PLG2: Multiperspective Processes Randomization and Simulation for Online and Offline Settings
This work addresses the need for realistic synthetic data in process mining, particularly for evaluating algorithms in business process intelligence, though it is incremental as it builds on prior methods.
The paper extends an existing approach for generating random processes to support multiperspective models and logs, including time and data information, and online settings like event streams and concept drifts, aiming to cover a wide range of real-world scenarios.

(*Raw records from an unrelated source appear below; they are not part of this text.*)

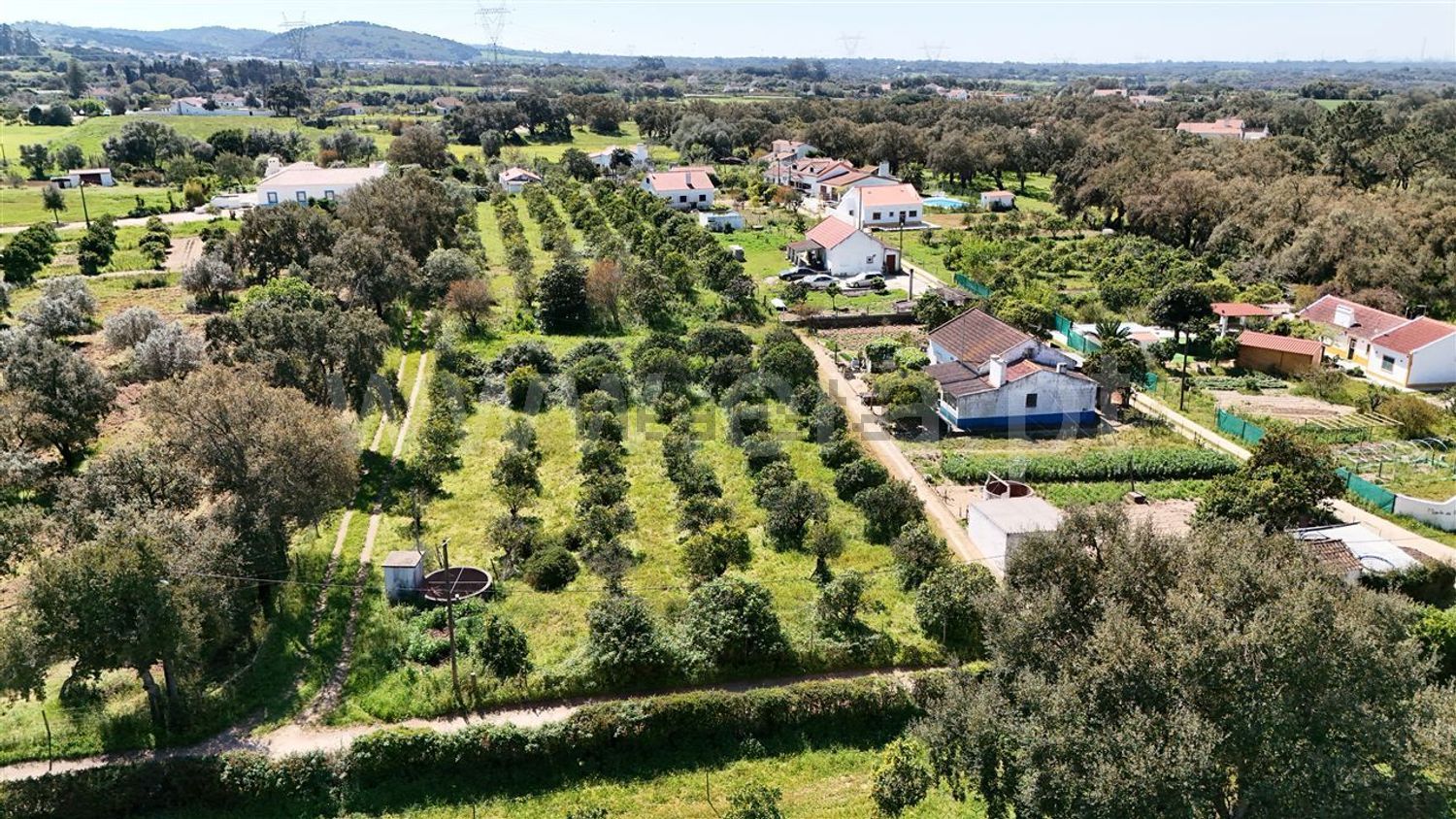 庄园出售在Santiago do Cacém - Santa Cruz - São Bartolomeu da Serra - 照片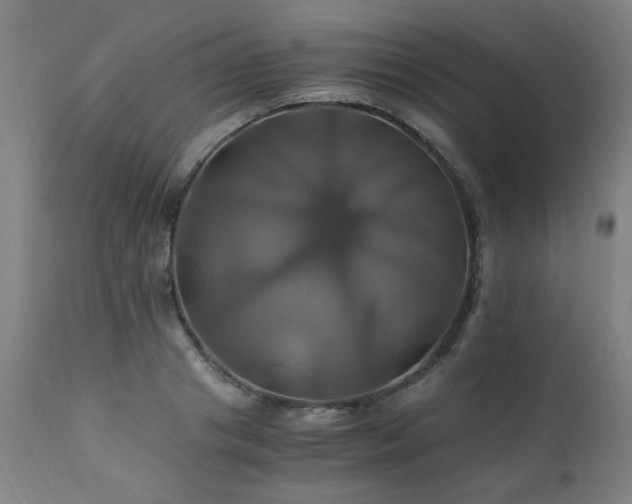 X0000110990841200906191425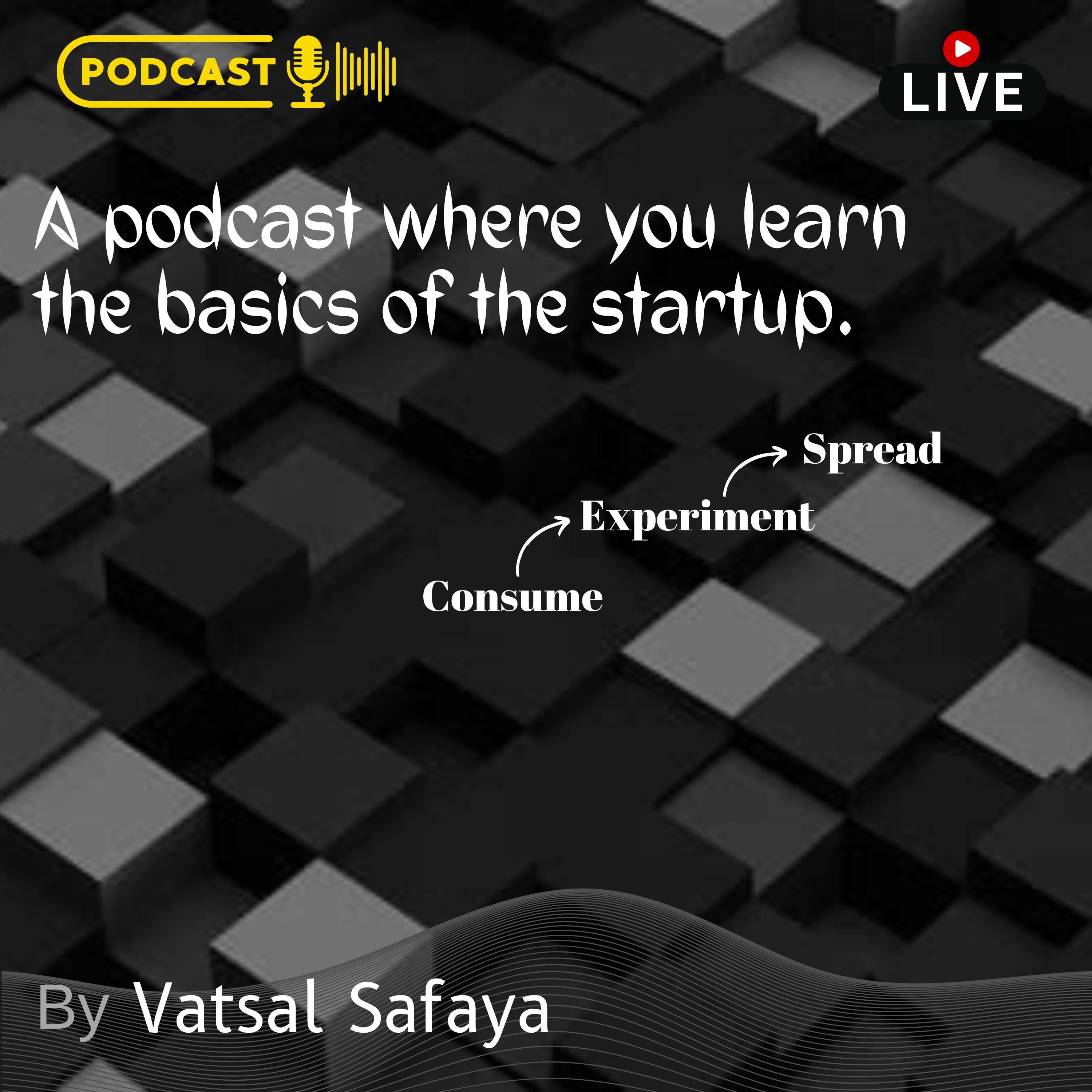 The Startup Story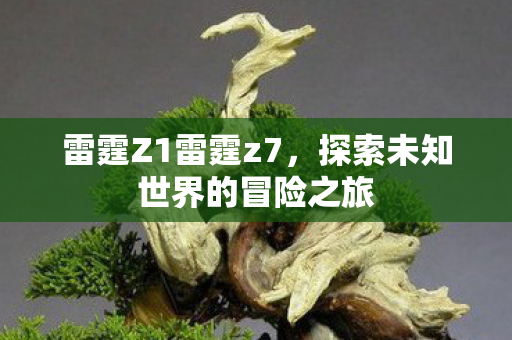 探索未知世界的冒险之旅图片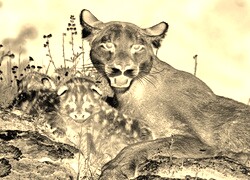 Sepia + Negatyw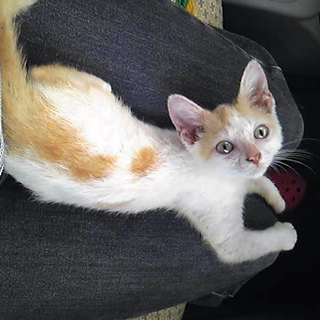 甘えんぼの仔猫を幸せにしてくださる方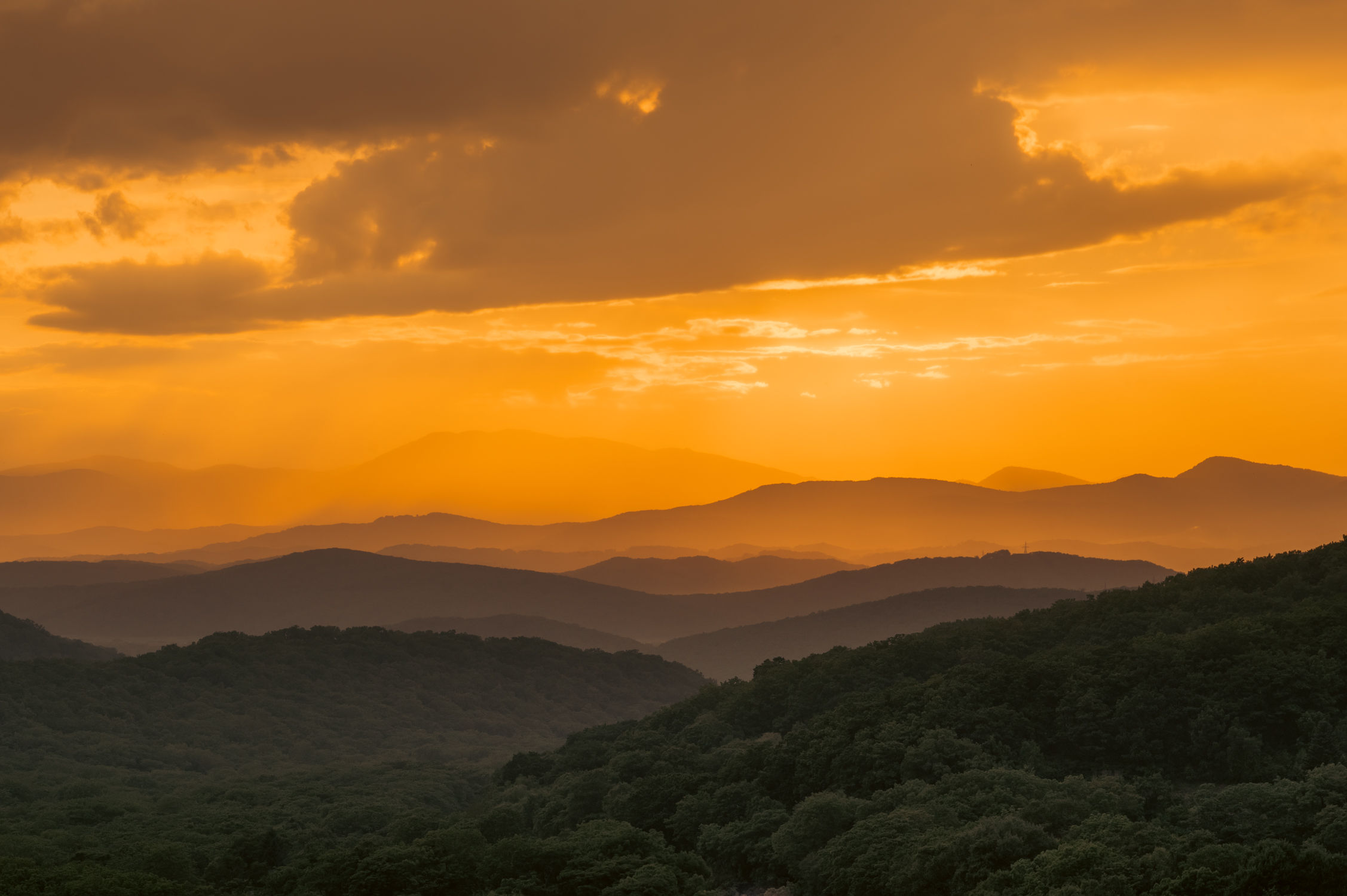 , Бирюков Данил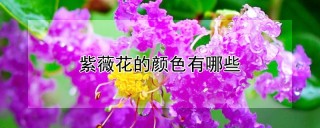 紫薇花的颜色有哪些,第1图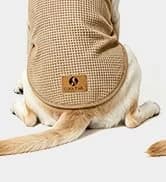 Small Dog Sweater — Fall Dog Sweater with Autumn Maple Leaf Pattern — collection imagery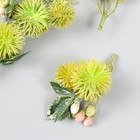 Цветы для декорирования "Эхинопс с ягодками" светло-зелёный 8 см - фото 281203467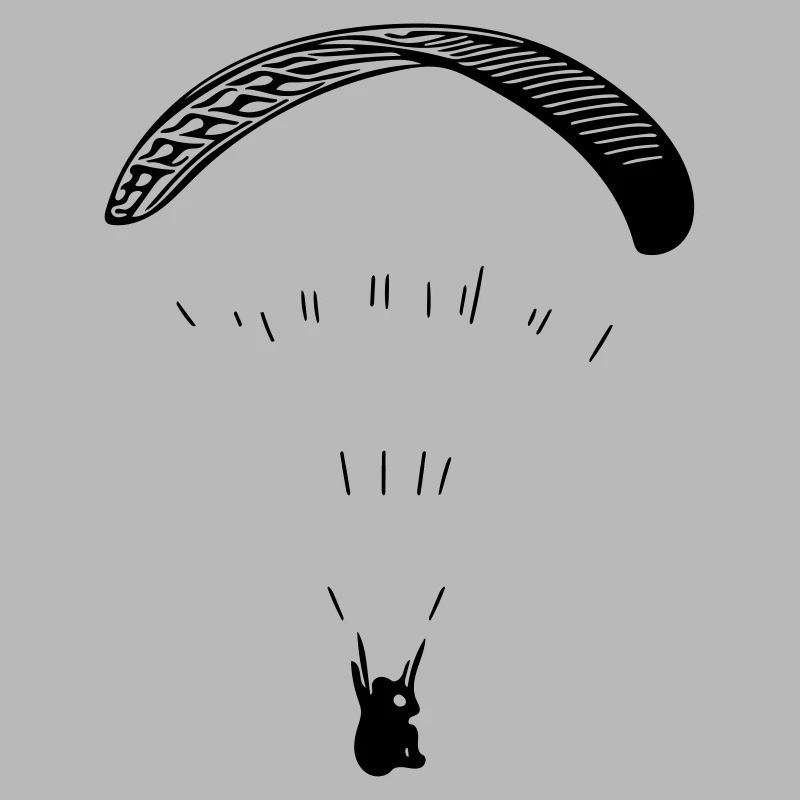 Paraglider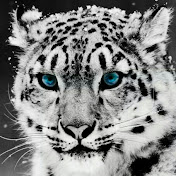 Profile Picture of Mohamud Haji (@mohamudhaji1674) on Youtube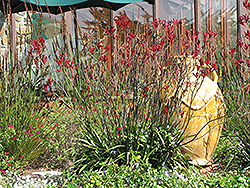 Bush Sunset Kangaroo Paw (Anigozanthos 'Bush Sunset') at Lakeshore Garden Centres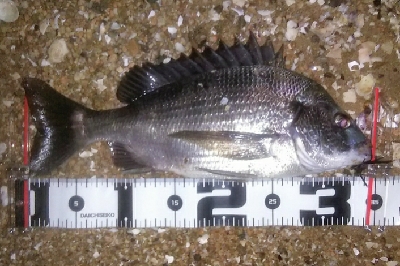 サーフのナイトチニング、堅調です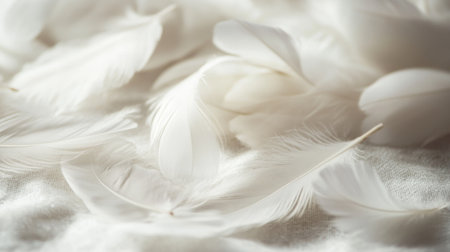 A close-up of delicate white feathers scattered gently across a soft surface, with natural light highlighting their fine details.の素材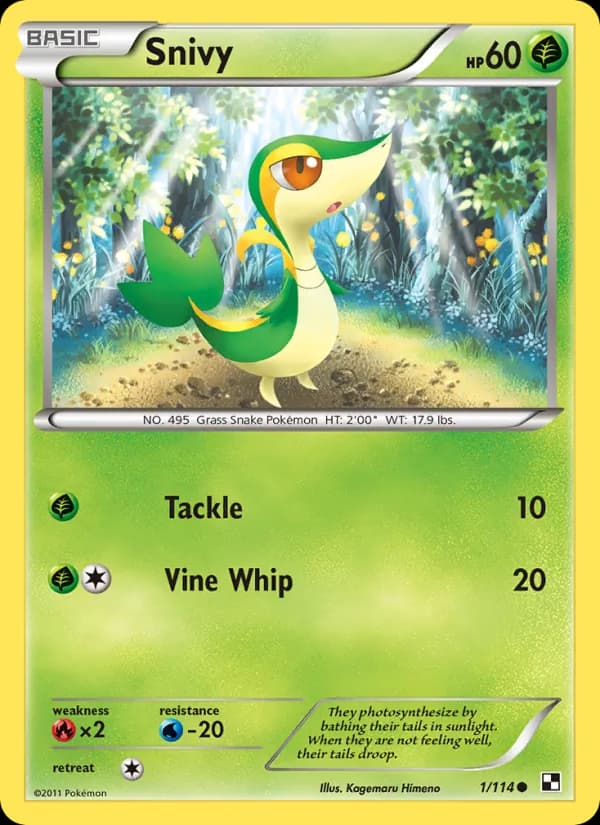 Snivy — изображение карты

Process mining represents an important field in BPM and data mining research. Recently, it has gained importance also for practitioners: more and more companies are creating business process intelligence solutions. The evaluation of process mining algorithms requires, as any other data mining task, the availability of large amount of real-world data. Despite the increasing availability of such datasets, they are affected by many limitations, in primis the absence of a "gold standard" (i.e., the reference model). This paper extends an approach, already available in the literature, for the generation of random processes. Novelties have been introduced throughout the work and, in particular, they involve the complete support for multiperspective models and logs (i.e., the control-flow perspective is enriched with time and data information) and for online settings (i.e., generation of multiperspective event streams and concept drifts). The proposed new framework is able to almost entirely cover the spectrum of possible scenarios that can be observed in the real-world. The proposed approach is implemented as a publicly available Java application, with a set of APIs for the programmatic execution of experiments.